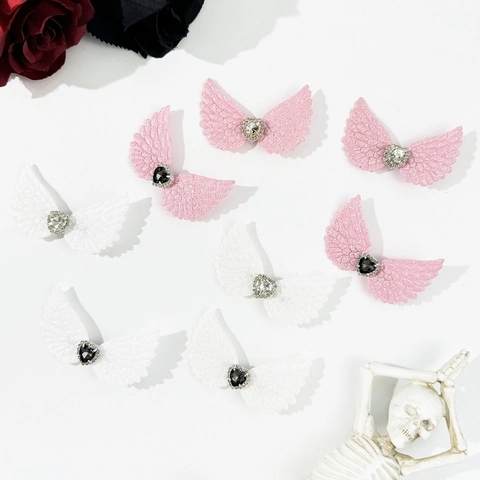 Gothic Engelsflügel Strass Herz Haarklammer Y2K Punk Süß Soft Girl Glitzer Stoff Seitenclip Legierung Entenschnabel Clip Haarschmuck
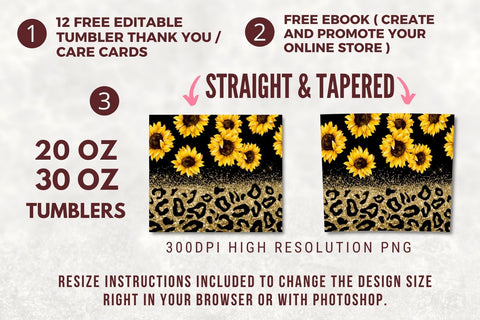 Sunflowers 20 oz Skinny Tumbler Sublimation Bundle, Seamless Tumbler Sublimation Designs Bundle Straight & Tapered PNG Sublimation TumblersByPhill 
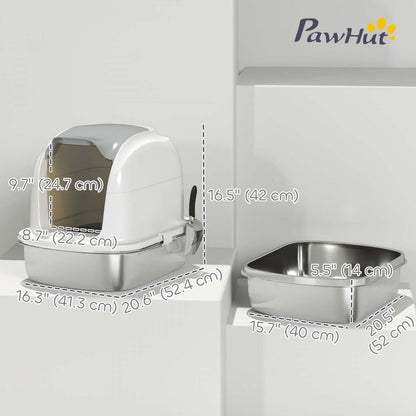 Pawhut Grande Boîte à Litière en Acier Inoxydable avec Couvercle, Grande Boîte à Litière Fermée pour Chats avec Couvercle Rabattable, Hauts Bords, Pelle, Sans Odeur, Facile à Nettoyer, Anti-fuite d'urine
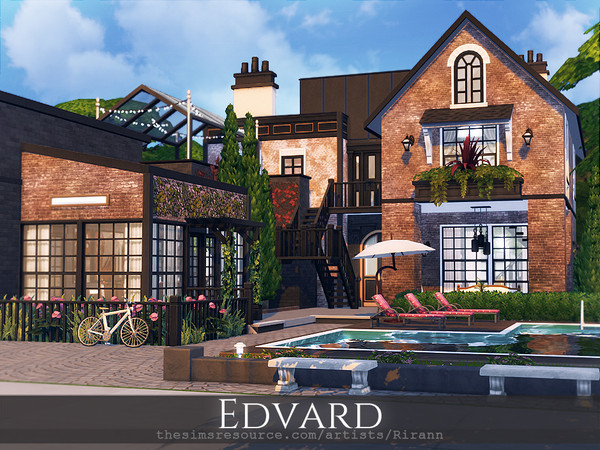 Sims 4 — Edvard by Rirann — Edvard is a comfortable house for a middle sim family. Fully furnished and decorated.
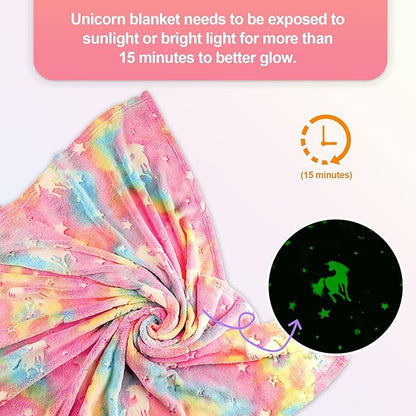 TEHALK Personalized Unicorn Blanket for Girls, Glow in The Dark, Kids Throw Blanket, 30"x40", Pink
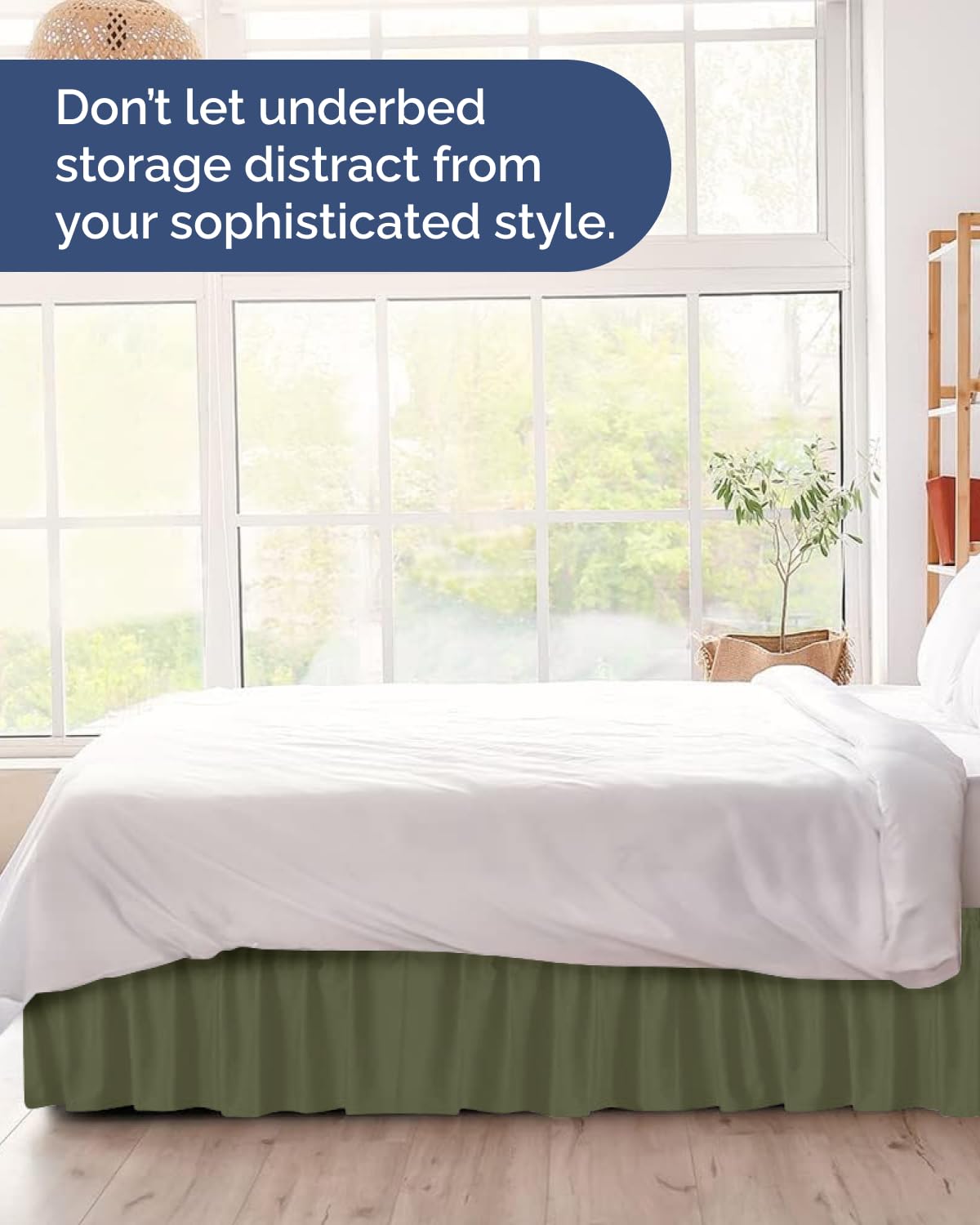 CGK Linens jupe dans chambre décorée montrant couleur vert sauge apaisante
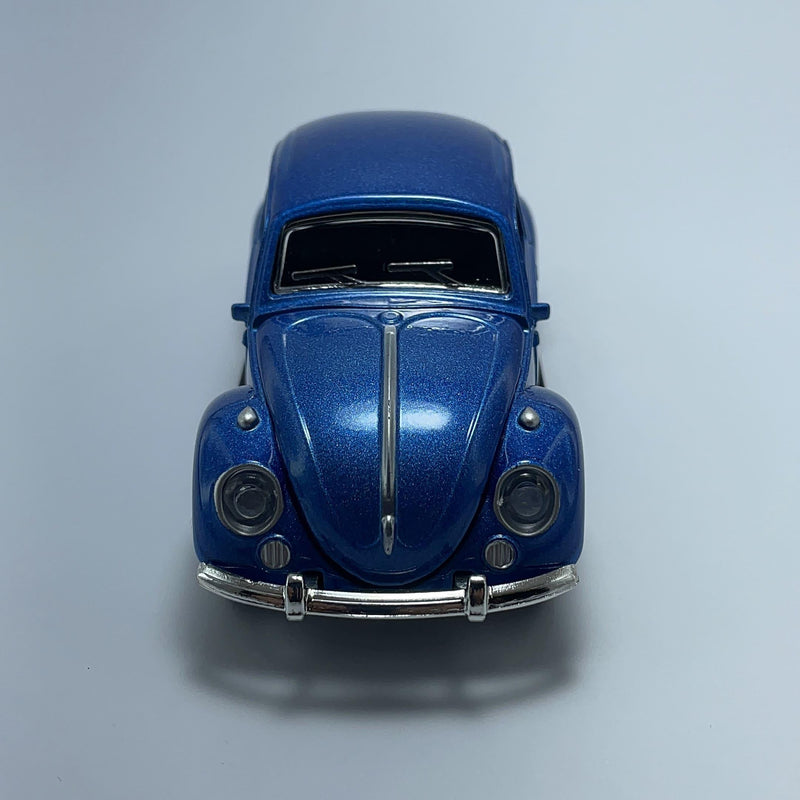 Miniatura Carro Antigo Brasileiro Clássico Volkswagen Fusca 1967 Azul Metálico Escala 1/36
---
When you reach an image, pass over it, and retype all other material exactly.

> Written reply
 Gothic Engelsflügel Strass Herz Haarklammer Y2K Punk Süß Soft Girl Glitzer Stoff Seitenclip Legierung Entenschnabel Clip Haarschmuck
 Sunflowers 20 oz Skinny Tumbler Sublimation Bundle, Seamless Tumbler Sublimation Designs Bundle Straight & Tapered PNG Sublimation TumblersByPhill 
 Pawhut Grande Boîte à Litière en Acier Inoxydable avec Couvercle, Grande Boîte à Litière Fermée pour Chats avec Couvercle Rabattable, Hauts Bords, Pelle, Sans Odeur, Facile à Nettoyer, Anti-fuite d'urine
 Sims 4 — Edvard by Rirann — Edvard is a comfortable house for a middle sim family. Fully furnished and decorated.
 TEHALK Personalized Unicorn Blanket for Girls, Glow in The Dark, Kids Throw Blanket, 30"x40", Pink
 CGK Linens jupe dans chambre décorée montrant couleur vert sauge apaisante
 Miniatura Carro Antigo Brasileiro Clássico Volkswagen Fusca 1967 Azul Metálico Escala 1/36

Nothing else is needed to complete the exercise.